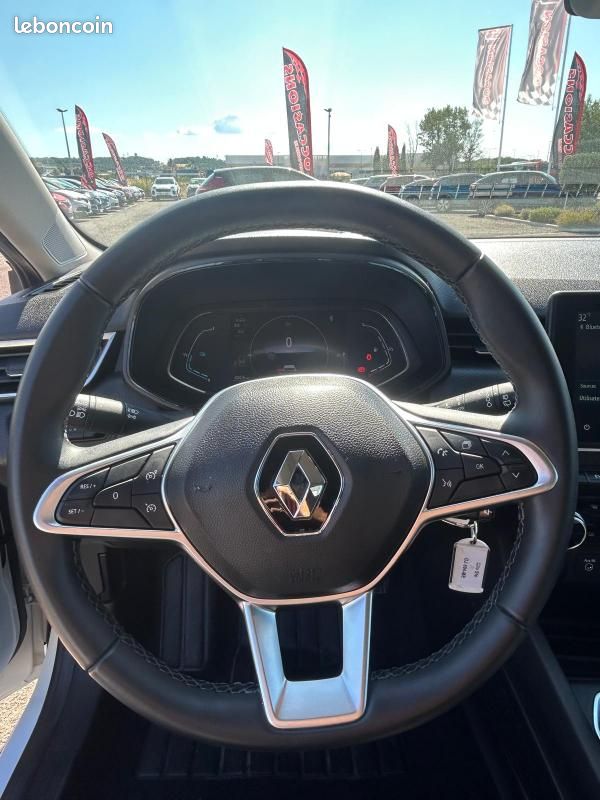 Renault Clio V E-Tech full hybrid 145 Equilibre (image 12)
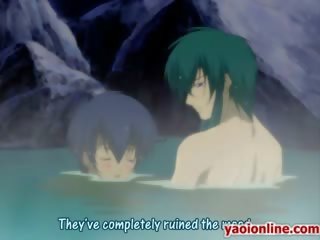 Par av hentai youths få fantastiskt bad i en slå samman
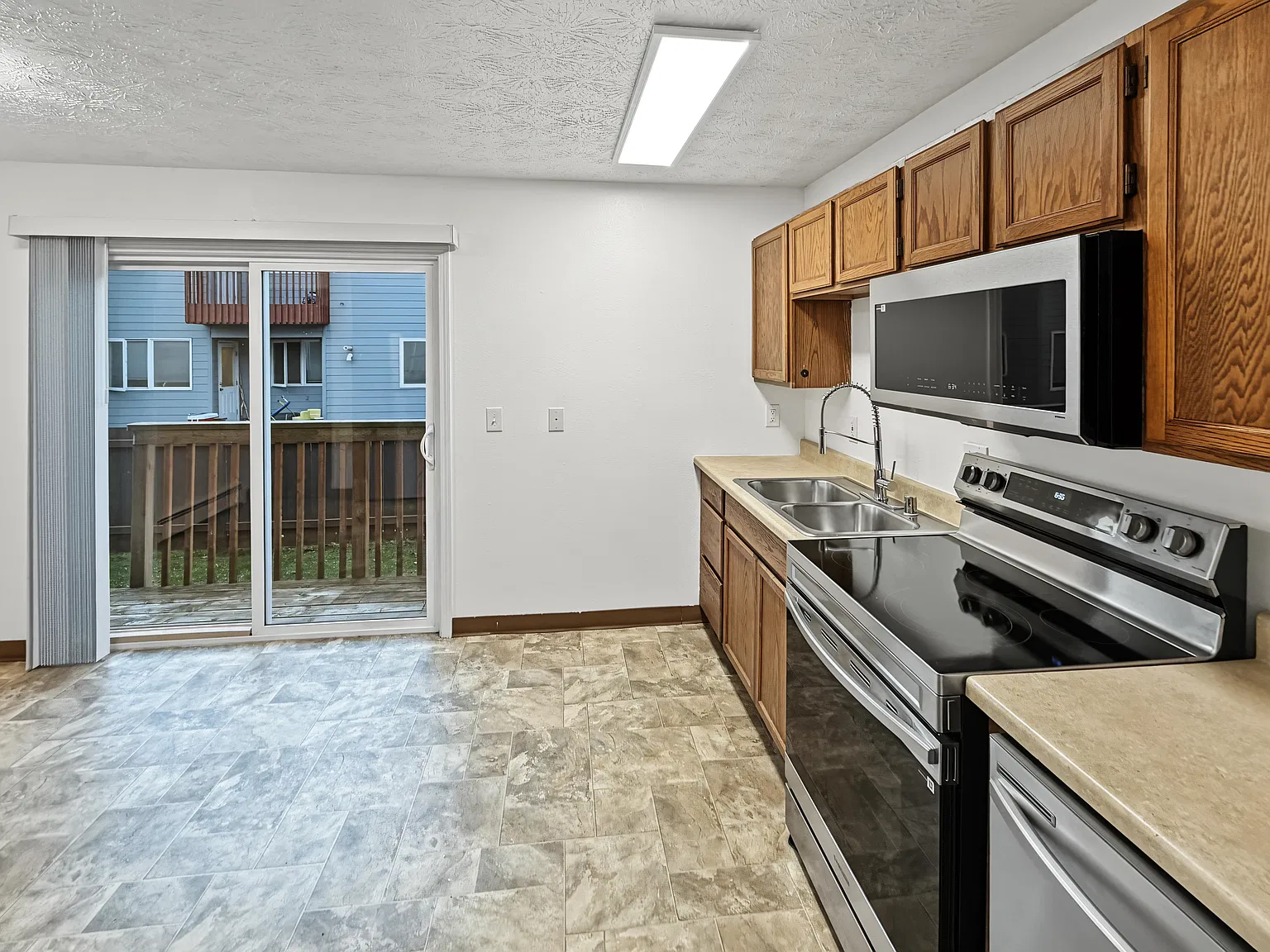 1810 East 72nd Avenue - B — Photo 2
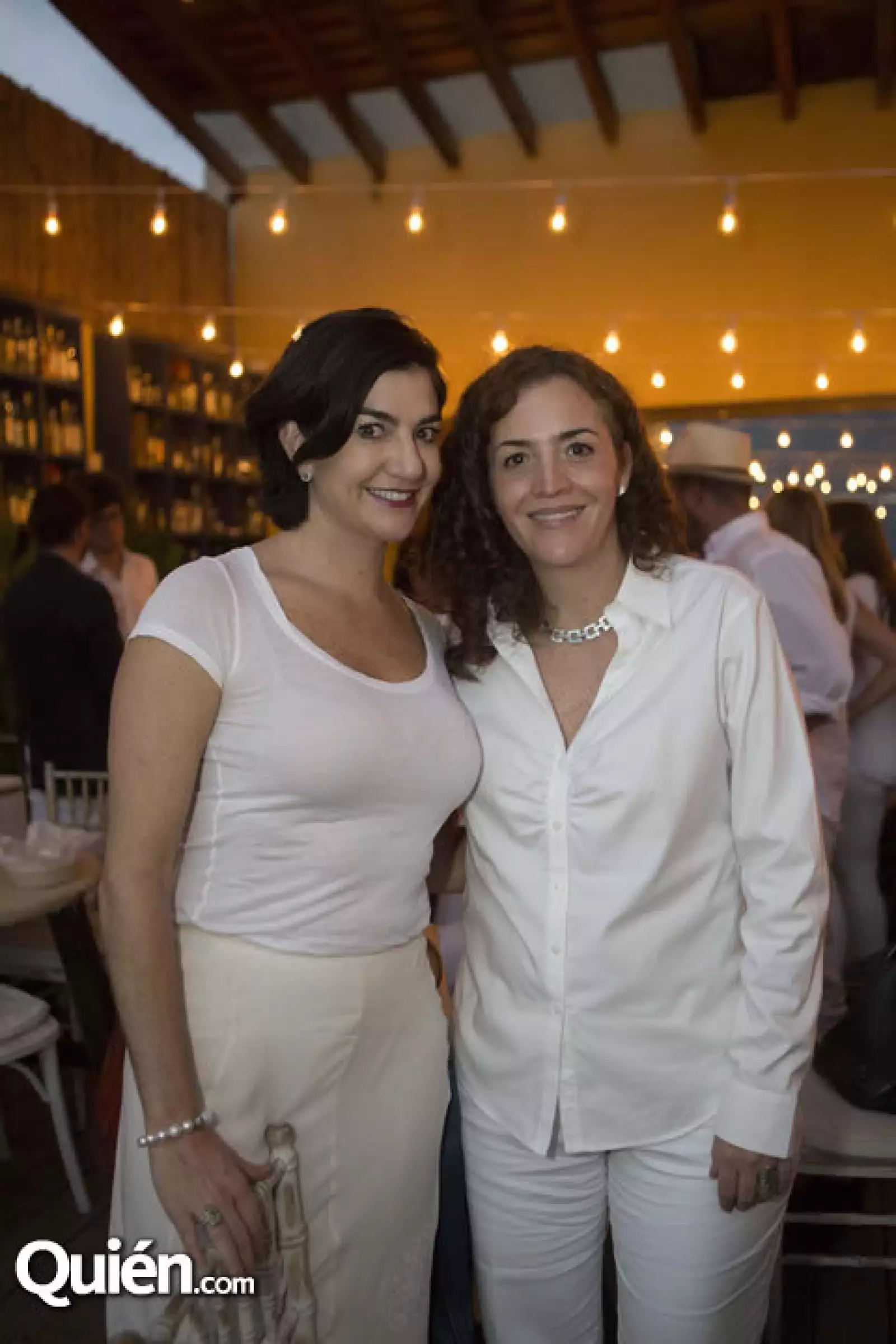 Mariana Salinas y Leoneor Molina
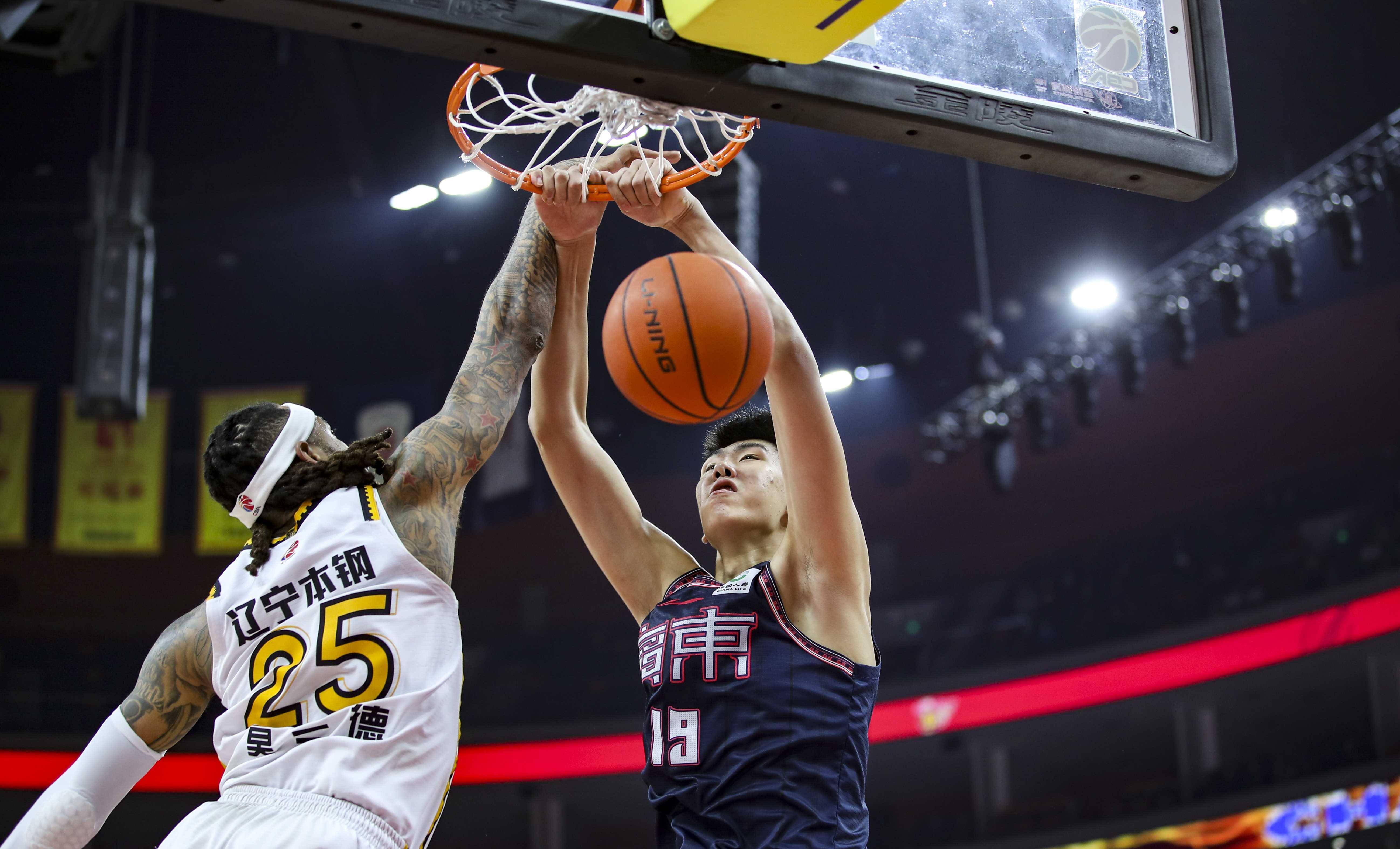 篮球比赛胜负难分,现场气氛火爆 篮球比赛胜负难分,现场气氛火爆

|---|

# Exercise brief:
The records above are to be retyped exactly, with every picture left out.

# Answer for this exercise:
 Renault Clio V E-Tech full hybrid 145 Equilibre (image 12)
 Par av hentai youths få fantastiskt bad i en slå samman
 1810 East 72nd Avenue - B — Photo 2
 Mariana Salinas y Leoneor Molina
 篮球比赛胜负难分,现场气氛火爆 篮球比赛胜负难分,现场气氛火爆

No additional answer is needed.